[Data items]
::::::

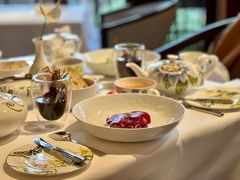 -Le Comptoir de Pierre Gagnaire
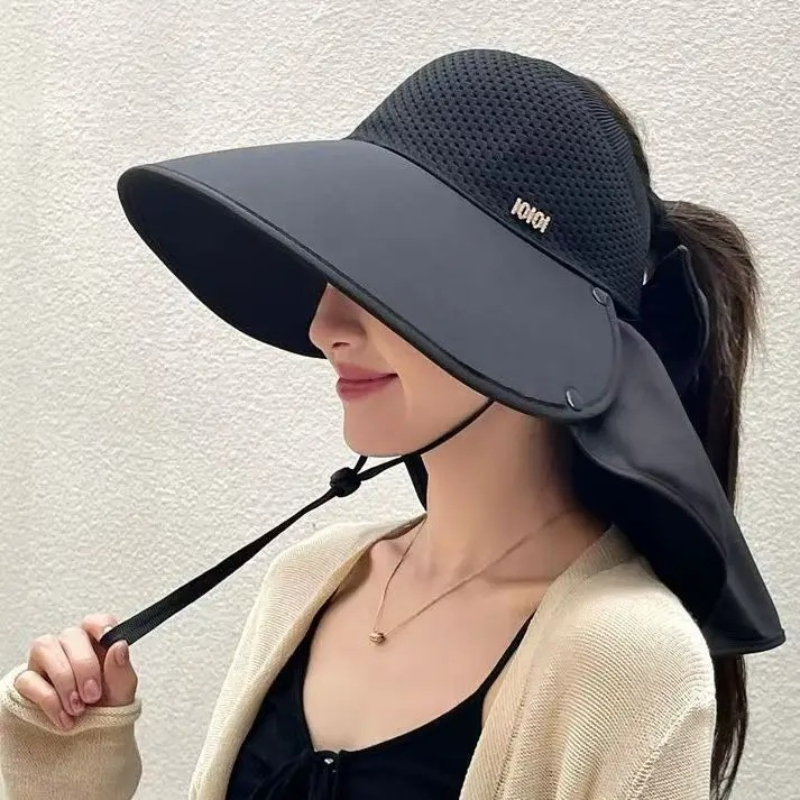 Summer Women Bucket Hat Outdoo - Sun Hat Wide Brim recensione e prezzo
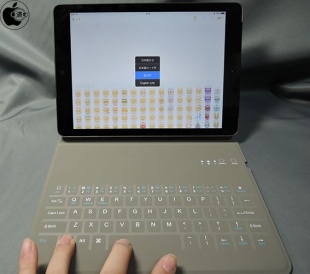 Bookey smart for iPad AIr/Air 2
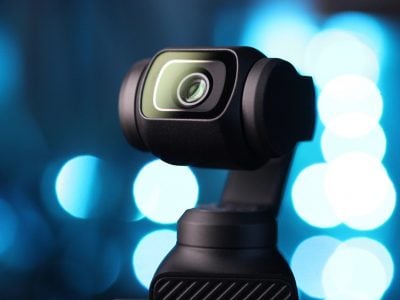 DJI Targets Vloggers With Pocket 2 Camera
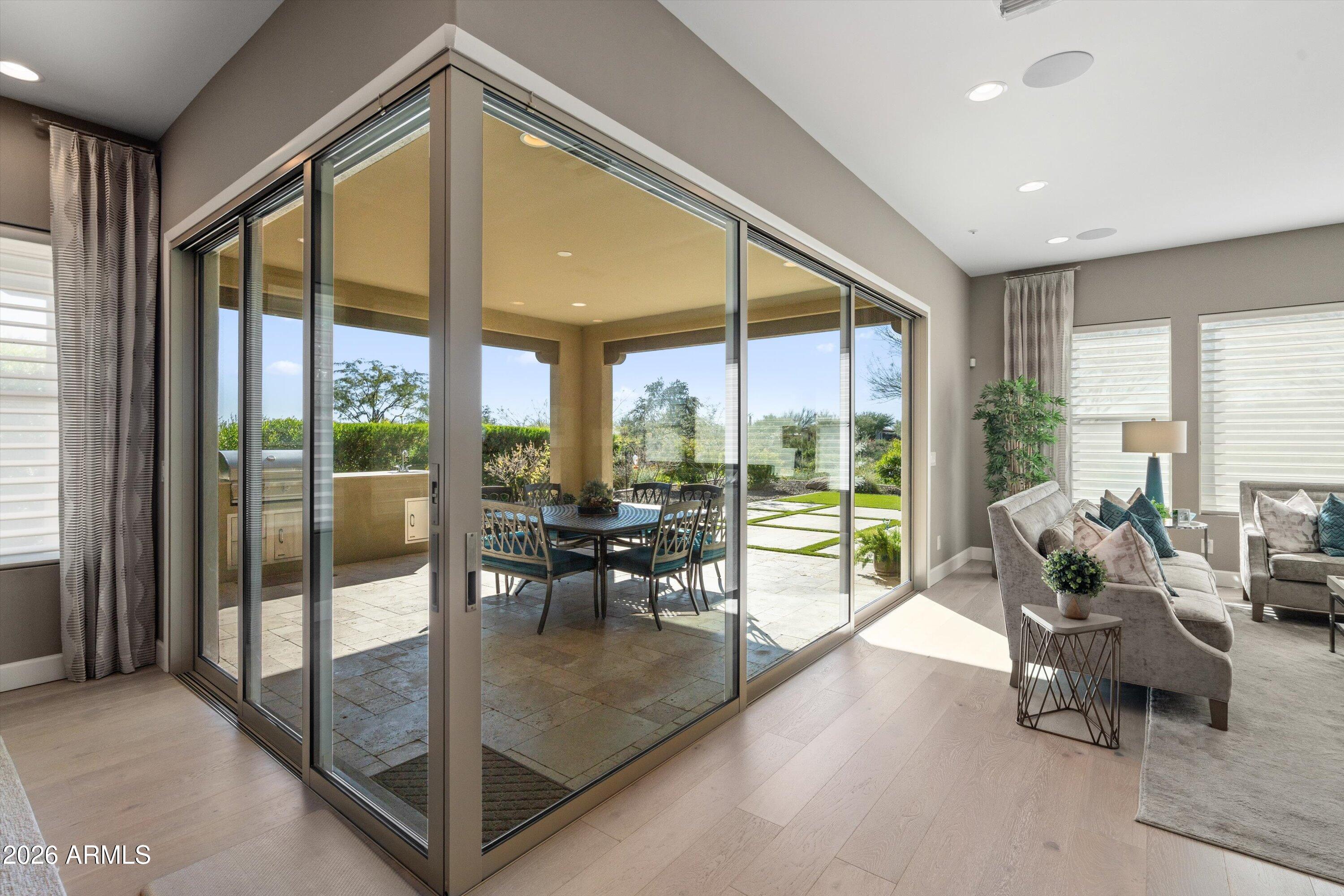 Rio Verde, Arizona, 85263, United States, 3 Bedrooms Bedrooms, ,4 BathroomsBathrooms,Residential,Active,2008716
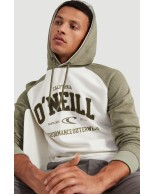 ONEILL M OUTDOOR UNI HOODY (0P1426-1030) ΦΟΥΤΕΡ Χακί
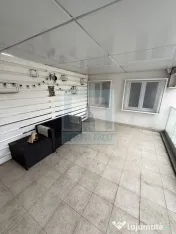 Apartament 2 camere, parcare,boxa,TERASA 16 mp-zona Tract... 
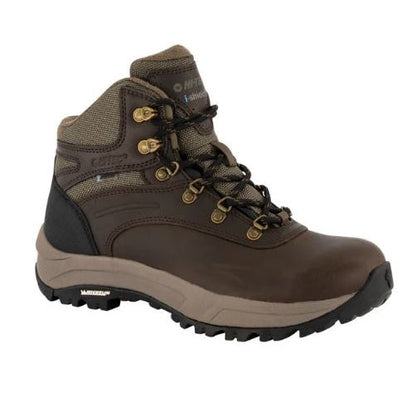 HiTec HOWAE600 Altitude VI I WP Womens Non Safety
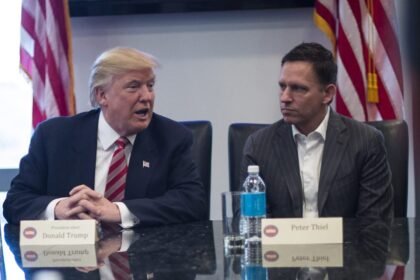 State Department Wants Palantir to Advise on Free Speech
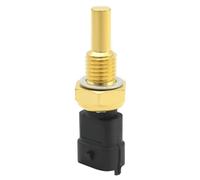 JUUDDENPARTS 500382599 Coolant Temperature Sensor with Seal Ring, Replacement for Vauxhall/Opel Agila A Astra G Replacement for Volvo LKW 7500 8500, Replaces 90542063 6238 422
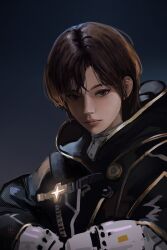 stellar blade fan art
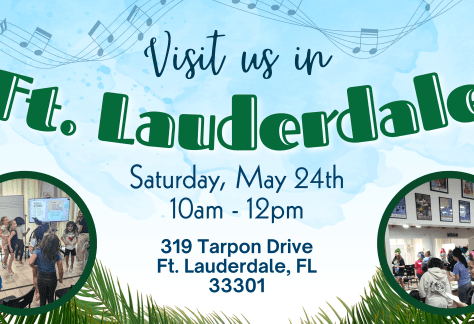 Open House In Ft. Lauderdale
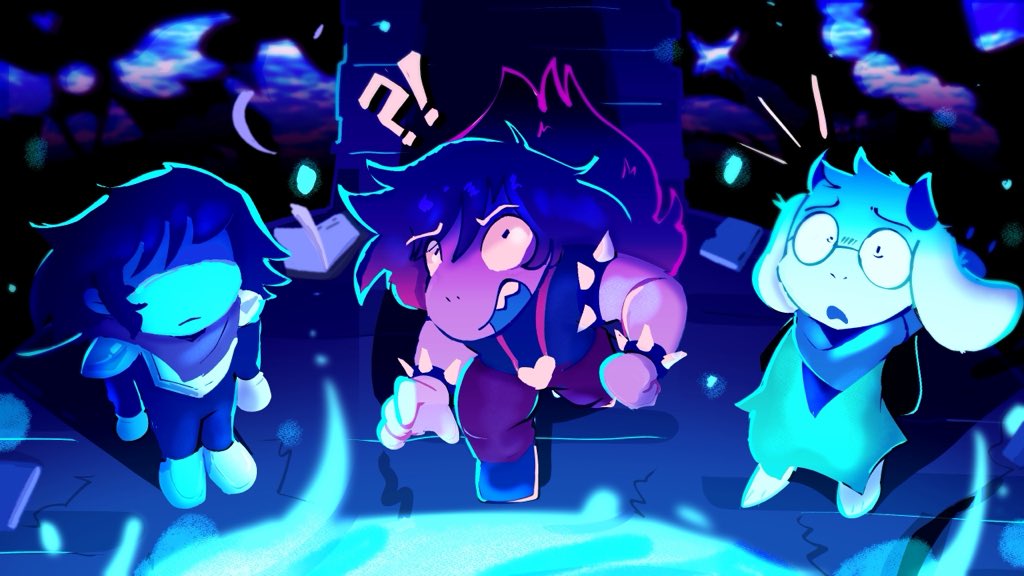 HORRIBLE GAME THAT I’M DEFINITELY NOT LOSING MY MIND OVER! youtu.be/XEoNJO23hBo?si…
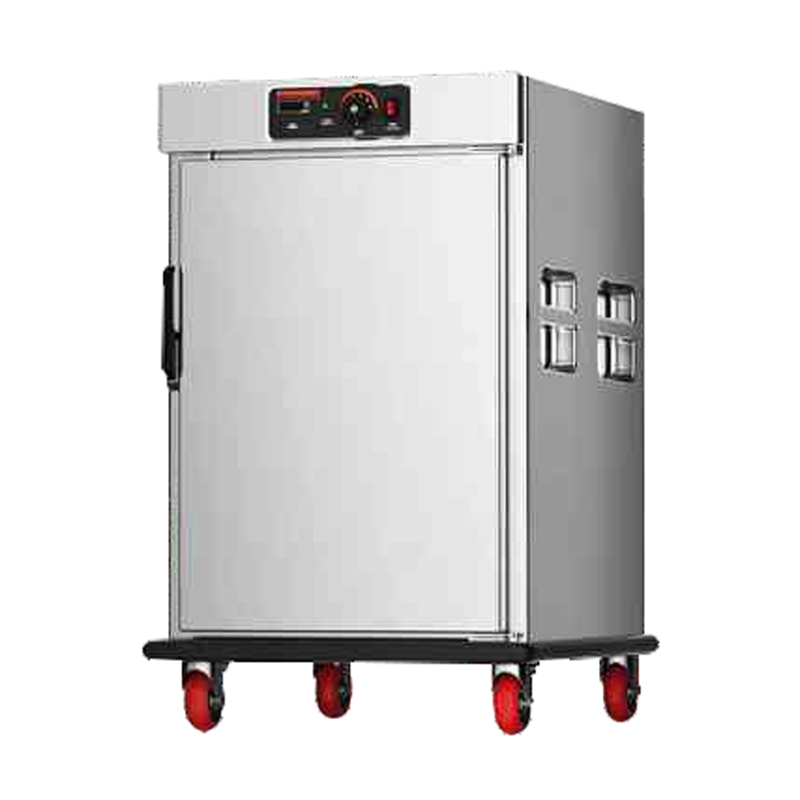 Cabinet Banquet Trolley Holdin - Commercial Kitchen Equipment avaliação e preço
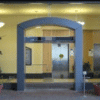 Assa Abloy Overhead Concealed Swing Door Operator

::::::

• [Your goal]:
Working from the entries above, reproduce exactly and only the lines beginning with the line that has "State Department Wants" and ending with the line that has "HORRIBLE GAME THAT"; omit all pictures.

• [Task output]:
 State Department Wants Palantir to Advise on Free Speech
 JUUDDENPARTS 500382599 Coolant Temperature Sensor with Seal Ring, Replacement for Vauxhall/Opel Agila A Astra G Replacement for Volvo LKW 7500 8500, Replaces 90542063 6238 422
 stellar blade fan art
 Open House In Ft. Lauderdale
 HORRIBLE GAME THAT I’M DEFINITELY NOT LOSING MY MIND OVER! youtu.be/XEoNJO23hBo?si…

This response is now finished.